**Material to process:**

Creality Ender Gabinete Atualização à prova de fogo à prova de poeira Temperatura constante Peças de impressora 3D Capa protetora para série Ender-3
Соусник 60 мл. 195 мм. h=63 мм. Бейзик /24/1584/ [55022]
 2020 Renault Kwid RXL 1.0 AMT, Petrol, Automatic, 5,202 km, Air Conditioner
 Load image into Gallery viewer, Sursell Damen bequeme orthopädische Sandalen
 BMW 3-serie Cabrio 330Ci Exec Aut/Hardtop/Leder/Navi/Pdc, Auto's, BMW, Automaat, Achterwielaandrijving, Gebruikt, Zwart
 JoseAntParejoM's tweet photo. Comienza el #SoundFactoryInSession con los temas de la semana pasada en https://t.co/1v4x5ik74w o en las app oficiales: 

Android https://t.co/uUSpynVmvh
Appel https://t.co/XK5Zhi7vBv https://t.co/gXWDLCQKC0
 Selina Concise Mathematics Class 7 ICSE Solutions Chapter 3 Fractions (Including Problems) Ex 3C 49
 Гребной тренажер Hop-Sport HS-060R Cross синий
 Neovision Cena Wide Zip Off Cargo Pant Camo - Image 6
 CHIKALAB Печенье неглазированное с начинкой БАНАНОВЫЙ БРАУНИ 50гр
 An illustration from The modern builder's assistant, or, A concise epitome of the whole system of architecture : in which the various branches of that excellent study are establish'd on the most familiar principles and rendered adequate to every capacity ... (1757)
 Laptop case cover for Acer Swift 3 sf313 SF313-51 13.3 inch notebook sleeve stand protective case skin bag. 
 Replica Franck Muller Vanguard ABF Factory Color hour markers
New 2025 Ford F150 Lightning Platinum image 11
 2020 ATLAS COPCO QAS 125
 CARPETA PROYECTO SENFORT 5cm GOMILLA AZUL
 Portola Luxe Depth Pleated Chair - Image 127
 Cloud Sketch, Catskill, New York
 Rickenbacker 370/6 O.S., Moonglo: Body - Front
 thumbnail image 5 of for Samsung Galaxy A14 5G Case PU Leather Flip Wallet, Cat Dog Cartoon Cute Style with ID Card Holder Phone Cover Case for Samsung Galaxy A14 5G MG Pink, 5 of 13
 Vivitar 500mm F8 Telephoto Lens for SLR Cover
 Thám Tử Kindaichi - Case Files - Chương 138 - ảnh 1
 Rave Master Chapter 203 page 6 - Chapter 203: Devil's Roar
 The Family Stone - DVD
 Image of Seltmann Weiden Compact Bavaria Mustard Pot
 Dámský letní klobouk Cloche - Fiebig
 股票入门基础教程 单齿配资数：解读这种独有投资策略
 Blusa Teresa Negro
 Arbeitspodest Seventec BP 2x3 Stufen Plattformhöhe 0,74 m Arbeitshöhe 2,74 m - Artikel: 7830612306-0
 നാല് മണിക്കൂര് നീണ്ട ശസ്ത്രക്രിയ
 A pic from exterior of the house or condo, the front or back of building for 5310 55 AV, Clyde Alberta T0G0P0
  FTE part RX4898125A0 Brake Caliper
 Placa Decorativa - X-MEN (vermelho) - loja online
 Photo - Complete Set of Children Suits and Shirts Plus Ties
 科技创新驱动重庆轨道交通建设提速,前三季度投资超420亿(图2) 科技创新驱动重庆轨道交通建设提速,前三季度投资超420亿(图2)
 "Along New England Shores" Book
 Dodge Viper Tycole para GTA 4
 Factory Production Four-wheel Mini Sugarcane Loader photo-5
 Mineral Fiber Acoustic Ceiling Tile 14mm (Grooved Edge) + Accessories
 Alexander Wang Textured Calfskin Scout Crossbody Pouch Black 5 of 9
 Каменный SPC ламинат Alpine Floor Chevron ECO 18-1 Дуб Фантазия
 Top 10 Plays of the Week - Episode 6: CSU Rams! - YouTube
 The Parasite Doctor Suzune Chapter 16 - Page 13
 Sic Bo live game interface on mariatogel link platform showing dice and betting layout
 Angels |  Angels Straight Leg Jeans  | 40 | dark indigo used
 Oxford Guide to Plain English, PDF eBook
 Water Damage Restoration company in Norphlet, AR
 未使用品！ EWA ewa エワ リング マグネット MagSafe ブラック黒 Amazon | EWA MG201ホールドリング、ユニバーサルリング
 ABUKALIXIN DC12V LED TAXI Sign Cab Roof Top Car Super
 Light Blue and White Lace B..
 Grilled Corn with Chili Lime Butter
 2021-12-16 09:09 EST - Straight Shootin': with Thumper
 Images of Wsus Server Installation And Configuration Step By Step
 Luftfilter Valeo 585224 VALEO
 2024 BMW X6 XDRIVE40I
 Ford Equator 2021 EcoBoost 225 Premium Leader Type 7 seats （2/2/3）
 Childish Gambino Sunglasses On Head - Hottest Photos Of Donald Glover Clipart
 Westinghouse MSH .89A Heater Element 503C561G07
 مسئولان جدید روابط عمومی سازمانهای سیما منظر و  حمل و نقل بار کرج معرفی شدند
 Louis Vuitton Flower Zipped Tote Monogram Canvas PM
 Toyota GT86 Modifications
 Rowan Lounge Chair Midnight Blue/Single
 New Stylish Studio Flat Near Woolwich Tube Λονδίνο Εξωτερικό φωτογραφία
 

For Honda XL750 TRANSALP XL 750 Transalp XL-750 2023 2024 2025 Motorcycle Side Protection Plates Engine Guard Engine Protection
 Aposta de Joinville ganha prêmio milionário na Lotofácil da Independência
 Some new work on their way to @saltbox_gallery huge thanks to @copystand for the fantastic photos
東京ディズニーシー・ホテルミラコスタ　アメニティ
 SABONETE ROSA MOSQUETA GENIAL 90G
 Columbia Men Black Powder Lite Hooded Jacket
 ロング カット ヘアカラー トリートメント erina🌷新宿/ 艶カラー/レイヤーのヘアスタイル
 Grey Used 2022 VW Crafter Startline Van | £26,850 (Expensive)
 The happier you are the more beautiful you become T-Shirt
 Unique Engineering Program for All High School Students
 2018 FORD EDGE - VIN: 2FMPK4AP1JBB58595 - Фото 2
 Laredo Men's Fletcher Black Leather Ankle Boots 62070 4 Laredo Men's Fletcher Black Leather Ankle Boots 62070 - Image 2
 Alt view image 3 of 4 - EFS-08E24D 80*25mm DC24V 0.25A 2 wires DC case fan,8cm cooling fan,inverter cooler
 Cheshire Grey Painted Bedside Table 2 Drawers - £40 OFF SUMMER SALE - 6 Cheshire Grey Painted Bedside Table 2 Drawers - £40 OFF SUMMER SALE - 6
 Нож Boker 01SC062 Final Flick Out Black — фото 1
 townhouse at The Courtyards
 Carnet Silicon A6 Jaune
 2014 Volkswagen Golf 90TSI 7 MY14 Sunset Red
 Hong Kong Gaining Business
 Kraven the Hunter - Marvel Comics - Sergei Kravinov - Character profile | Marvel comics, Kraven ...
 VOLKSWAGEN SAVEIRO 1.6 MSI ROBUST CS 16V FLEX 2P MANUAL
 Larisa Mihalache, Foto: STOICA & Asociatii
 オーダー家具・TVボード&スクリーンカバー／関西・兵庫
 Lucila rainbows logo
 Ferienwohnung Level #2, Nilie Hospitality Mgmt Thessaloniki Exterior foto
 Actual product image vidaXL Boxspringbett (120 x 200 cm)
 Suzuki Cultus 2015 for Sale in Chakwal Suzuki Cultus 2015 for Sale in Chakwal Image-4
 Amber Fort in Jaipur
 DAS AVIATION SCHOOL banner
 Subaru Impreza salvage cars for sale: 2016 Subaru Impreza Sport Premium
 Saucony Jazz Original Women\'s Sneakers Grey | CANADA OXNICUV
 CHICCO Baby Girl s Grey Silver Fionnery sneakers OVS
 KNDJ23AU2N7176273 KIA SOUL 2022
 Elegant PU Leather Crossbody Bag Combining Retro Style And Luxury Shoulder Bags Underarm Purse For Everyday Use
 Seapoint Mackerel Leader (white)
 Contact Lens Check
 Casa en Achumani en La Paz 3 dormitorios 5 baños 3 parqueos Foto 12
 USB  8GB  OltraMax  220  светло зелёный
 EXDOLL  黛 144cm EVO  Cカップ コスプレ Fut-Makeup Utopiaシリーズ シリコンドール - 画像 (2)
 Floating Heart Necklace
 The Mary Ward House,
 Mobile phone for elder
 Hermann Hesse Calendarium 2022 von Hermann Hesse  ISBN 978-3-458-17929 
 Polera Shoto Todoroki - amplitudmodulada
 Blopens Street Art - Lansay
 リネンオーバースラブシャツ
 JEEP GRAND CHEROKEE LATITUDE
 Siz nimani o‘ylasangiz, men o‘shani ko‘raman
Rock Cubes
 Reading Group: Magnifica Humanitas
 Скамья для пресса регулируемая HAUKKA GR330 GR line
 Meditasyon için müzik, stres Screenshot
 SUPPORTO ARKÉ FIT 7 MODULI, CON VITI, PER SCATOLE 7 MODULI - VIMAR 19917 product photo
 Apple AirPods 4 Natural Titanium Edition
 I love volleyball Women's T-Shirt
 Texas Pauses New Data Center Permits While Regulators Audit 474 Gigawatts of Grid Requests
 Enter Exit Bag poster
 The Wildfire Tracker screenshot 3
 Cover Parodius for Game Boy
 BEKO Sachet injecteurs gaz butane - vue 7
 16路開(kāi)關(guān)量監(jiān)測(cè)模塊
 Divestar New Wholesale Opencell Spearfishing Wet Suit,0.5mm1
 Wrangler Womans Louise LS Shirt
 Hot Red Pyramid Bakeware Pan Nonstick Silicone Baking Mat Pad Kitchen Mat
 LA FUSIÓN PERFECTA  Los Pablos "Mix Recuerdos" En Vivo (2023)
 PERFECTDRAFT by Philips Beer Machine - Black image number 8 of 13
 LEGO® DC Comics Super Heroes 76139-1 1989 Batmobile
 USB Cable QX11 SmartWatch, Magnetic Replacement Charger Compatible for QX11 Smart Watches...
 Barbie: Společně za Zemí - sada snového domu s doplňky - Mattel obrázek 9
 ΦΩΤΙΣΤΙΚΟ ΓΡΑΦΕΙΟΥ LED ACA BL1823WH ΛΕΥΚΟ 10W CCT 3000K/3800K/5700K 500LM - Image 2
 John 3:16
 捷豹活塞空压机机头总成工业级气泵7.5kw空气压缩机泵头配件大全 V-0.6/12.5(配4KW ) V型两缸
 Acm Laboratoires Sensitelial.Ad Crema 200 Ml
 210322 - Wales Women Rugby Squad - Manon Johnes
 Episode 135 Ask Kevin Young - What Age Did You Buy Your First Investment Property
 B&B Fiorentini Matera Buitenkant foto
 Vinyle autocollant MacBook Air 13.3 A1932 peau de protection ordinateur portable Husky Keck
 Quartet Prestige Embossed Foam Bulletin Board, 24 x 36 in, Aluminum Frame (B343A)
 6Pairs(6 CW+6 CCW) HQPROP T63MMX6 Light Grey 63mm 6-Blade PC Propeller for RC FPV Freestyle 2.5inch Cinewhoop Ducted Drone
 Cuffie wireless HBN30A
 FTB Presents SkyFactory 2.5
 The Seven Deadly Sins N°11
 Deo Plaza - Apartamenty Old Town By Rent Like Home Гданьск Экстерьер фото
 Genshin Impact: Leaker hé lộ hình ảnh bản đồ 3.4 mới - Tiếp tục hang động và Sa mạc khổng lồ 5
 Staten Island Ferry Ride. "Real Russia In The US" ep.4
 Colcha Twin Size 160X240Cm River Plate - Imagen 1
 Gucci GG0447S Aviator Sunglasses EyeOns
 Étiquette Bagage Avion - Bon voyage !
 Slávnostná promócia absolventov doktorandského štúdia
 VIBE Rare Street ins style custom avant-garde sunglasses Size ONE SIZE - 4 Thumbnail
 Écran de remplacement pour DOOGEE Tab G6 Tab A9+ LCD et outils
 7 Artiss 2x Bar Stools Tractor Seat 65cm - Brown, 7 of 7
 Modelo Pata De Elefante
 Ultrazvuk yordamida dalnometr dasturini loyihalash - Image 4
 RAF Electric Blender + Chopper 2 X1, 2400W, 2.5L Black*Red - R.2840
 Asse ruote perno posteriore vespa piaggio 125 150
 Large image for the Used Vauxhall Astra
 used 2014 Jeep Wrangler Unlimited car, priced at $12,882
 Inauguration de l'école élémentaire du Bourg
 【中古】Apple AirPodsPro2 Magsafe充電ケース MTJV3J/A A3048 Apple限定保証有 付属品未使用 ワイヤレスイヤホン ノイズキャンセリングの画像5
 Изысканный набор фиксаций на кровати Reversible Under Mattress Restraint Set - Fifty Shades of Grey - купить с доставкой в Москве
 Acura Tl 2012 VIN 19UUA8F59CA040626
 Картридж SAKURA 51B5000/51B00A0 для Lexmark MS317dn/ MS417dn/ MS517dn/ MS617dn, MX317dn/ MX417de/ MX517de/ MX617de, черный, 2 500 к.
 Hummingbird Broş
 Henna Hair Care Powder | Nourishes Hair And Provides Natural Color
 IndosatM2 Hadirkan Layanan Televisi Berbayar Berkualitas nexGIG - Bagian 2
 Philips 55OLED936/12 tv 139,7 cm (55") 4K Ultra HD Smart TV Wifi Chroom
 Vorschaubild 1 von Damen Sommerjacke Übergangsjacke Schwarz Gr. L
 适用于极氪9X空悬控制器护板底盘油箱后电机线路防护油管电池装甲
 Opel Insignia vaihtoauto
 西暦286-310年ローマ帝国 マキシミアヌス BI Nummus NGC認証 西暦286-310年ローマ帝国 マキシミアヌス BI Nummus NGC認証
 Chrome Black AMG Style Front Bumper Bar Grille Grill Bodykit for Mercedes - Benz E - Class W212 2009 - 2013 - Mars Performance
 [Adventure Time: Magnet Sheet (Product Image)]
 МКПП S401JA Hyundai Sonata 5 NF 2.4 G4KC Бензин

**Instructions to follow:** Repeat exactly the lines of the listing above, from the one with "CARPETA PROYECTO SENFORT 5cm GOMILLA AZUL" down to the one with "The Family Stone - DVD"; both of those lines belong in the range.

**Exercise answer:**
 CARPETA PROYECTO SENFORT 5cm GOMILLA AZUL
 Portola Luxe Depth Pleated Chair - Image 127
 Cloud Sketch, Catskill, New York
 Rickenbacker 370/6 O.S., Moonglo: Body - Front
 thumbnail image 5 of for Samsung Galaxy A14 5G Case PU Leather Flip Wallet, Cat Dog Cartoon Cute Style with ID Card Holder Phone Cover Case for Samsung Galaxy A14 5G MG Pink, 5 of 13
 Vivitar 500mm F8 Telephoto Lens for SLR Cover
 Thám Tử Kindaichi - Case Files - Chương 138 - ảnh 1
 Rave Master Chapter 203 page 6 - Chapter 203: Devil's Roar
 The Family Stone - DVD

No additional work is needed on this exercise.